ASSIGNED TASK>
Beginning with the line that holds "Giraffe4 Taken in" and ending with the last line, please repeat the entries exactly and omit the pictures.

INFORMATION GIVEN>
****************************************

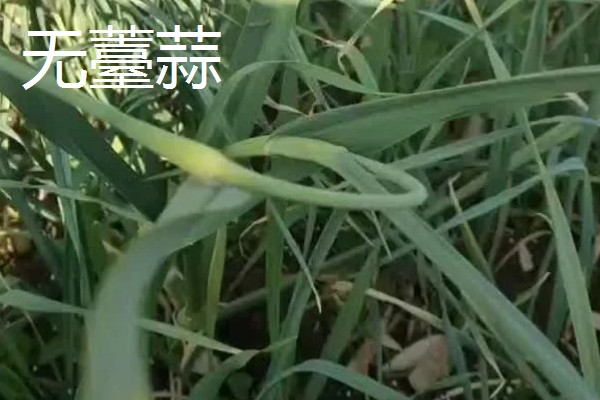 大蒜种植前拌什么药，可以用咯菌腈悬浮种衣剂进行拌种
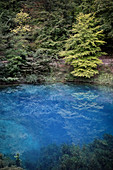 Blautopf in Blaubeuren, Alb-Donau district, Swabian Alb, Baden-Wuerttemberg, Germany, Europe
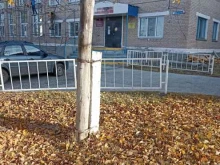 Спортивные школы ДЮСШ в Еманжелинске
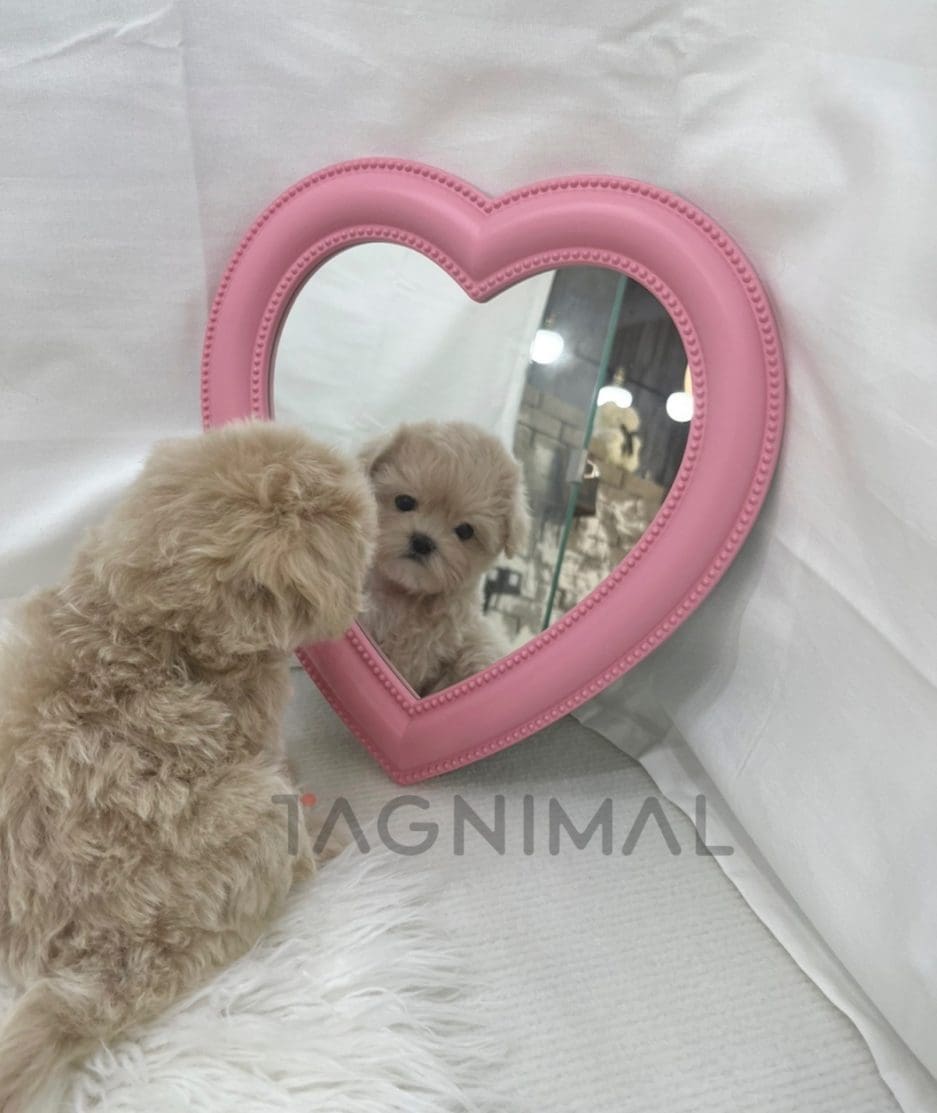 Maltipoo puppy for sale, dog for sale at Tagnimal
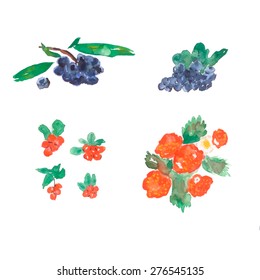 Set of watercolor hand drawn berries. Isolated on white background. Vector illustration. 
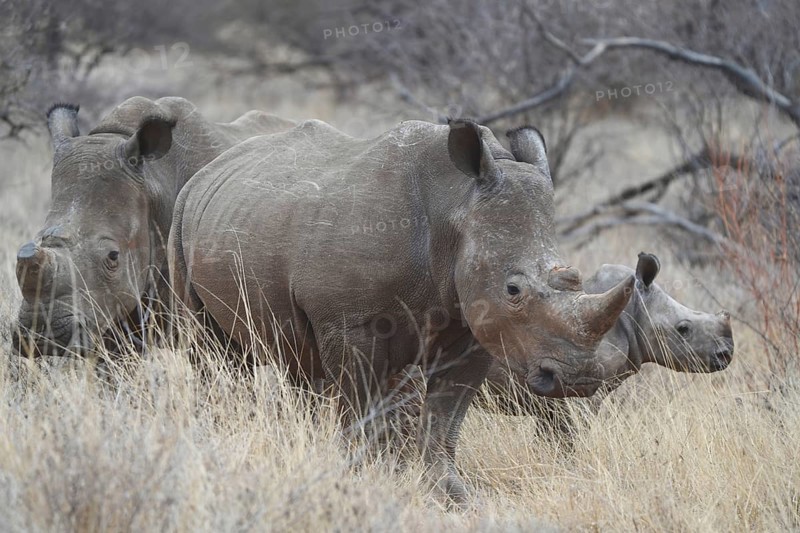 White rhino with young, Limpopo, South Africa, Africa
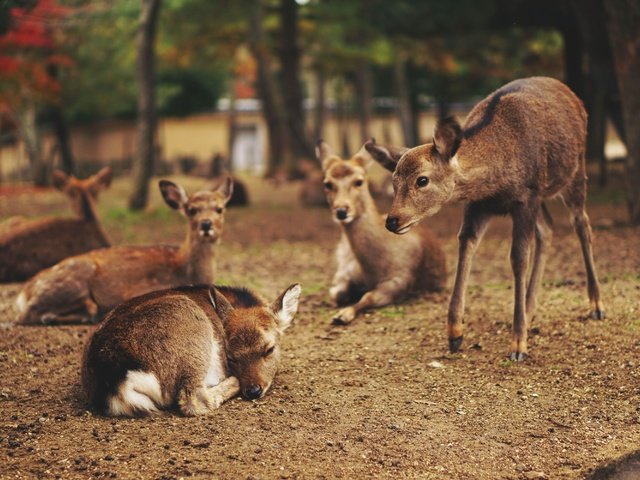 Обои природа, животные, олени, оленята, nature, animals, deer, fawns разрешение 3000x2000 Загрузить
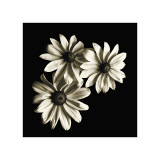 Buy Three Black-Eyed Susans at AllPosters.com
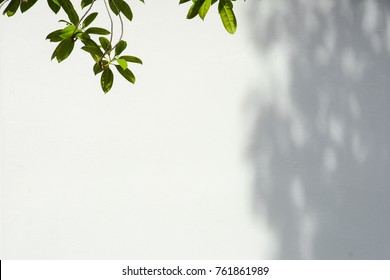 tree branch and leaf with shadow on a white concrete wall - Shutterstock ID 761861989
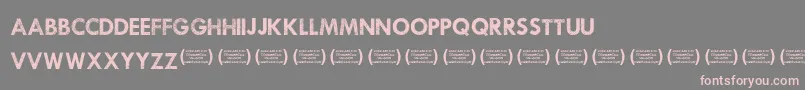 WaukeganhustleRegular Font – Pink Fonts on Gray Background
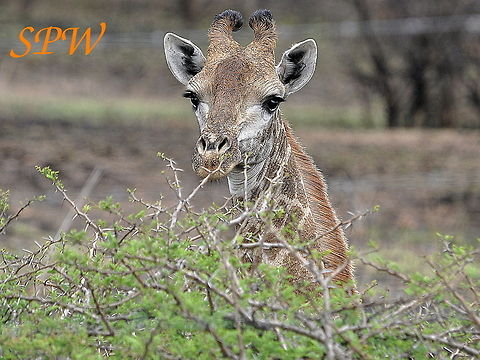 Giraffe4 Taken in South Africa Giraffa camelopardalis,Giraffe,South Africa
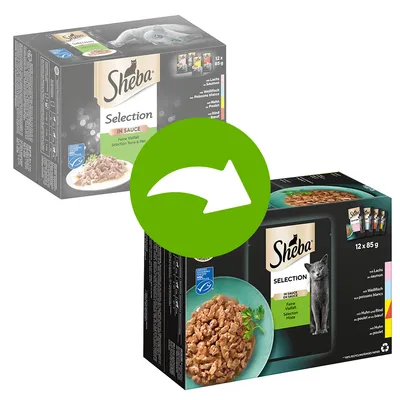 Sheba Selection in Sauce, variedad fina con salmón, pescado blanco, pollo y ternera. El envase muestra 12 sobres de 85g. Certificado MSC visible.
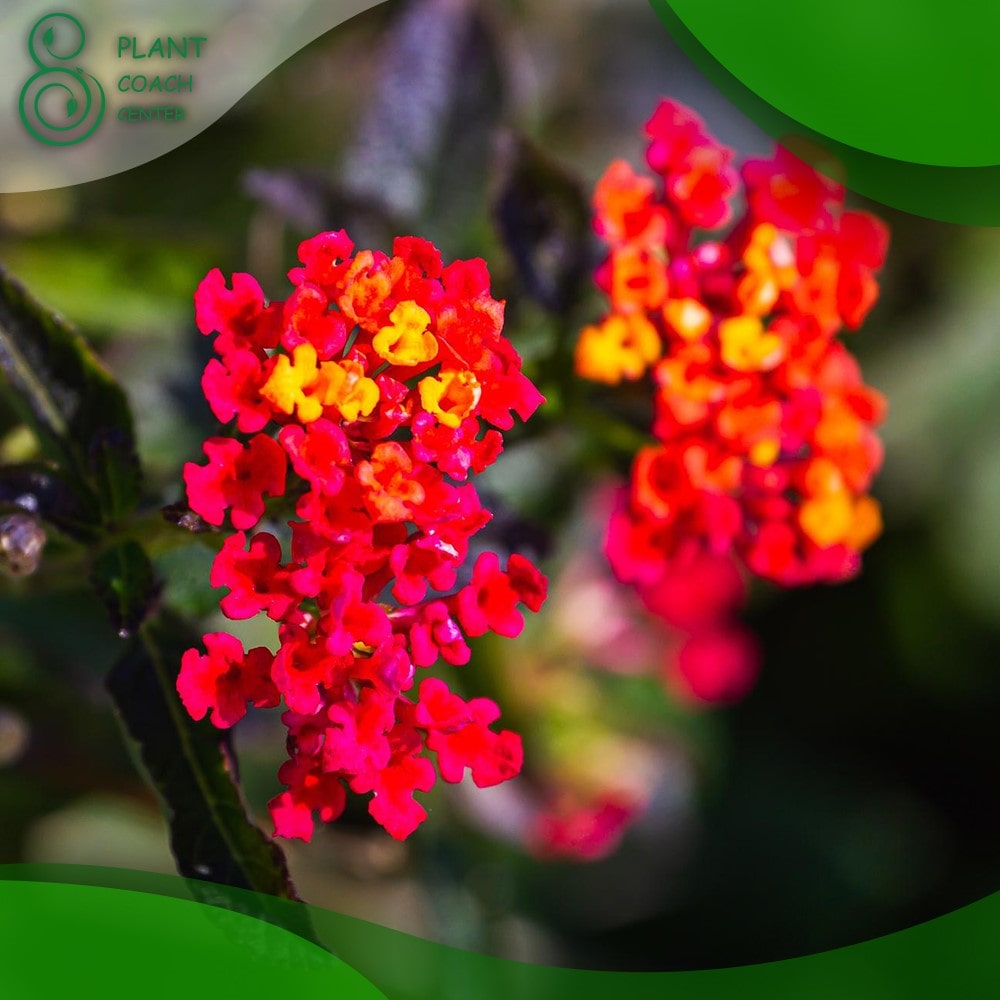 When to Cut Back Lantana for Winter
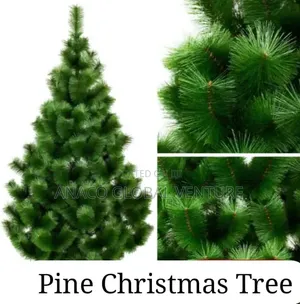 Pine Christmas Tree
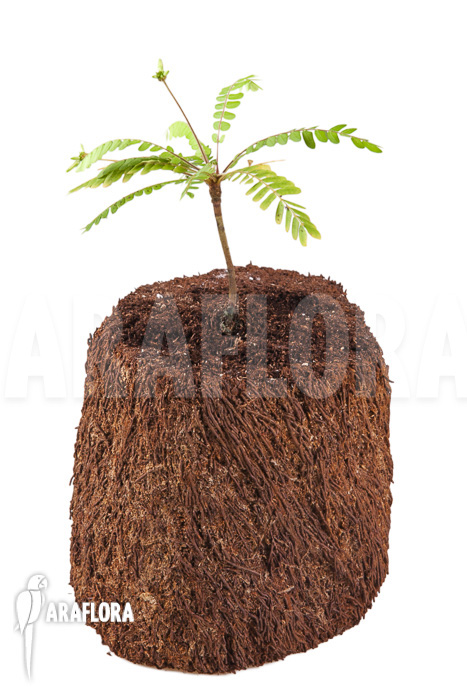 Biophytum species Ecuador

****************************************

SOLUTION TO THE PROBLEM>
 Giraffe4 Taken in South Africa Giraffa camelopardalis,Giraffe,South Africa
 Sheba Selection in Sauce, variedad fina con salmón, pescado blanco, pollo y ternera. El envase muestra 12 sobres de 85g. Certificado MSC visible.
 When to Cut Back Lantana for Winter
 Pine Christmas Tree
 Biophytum species Ecuador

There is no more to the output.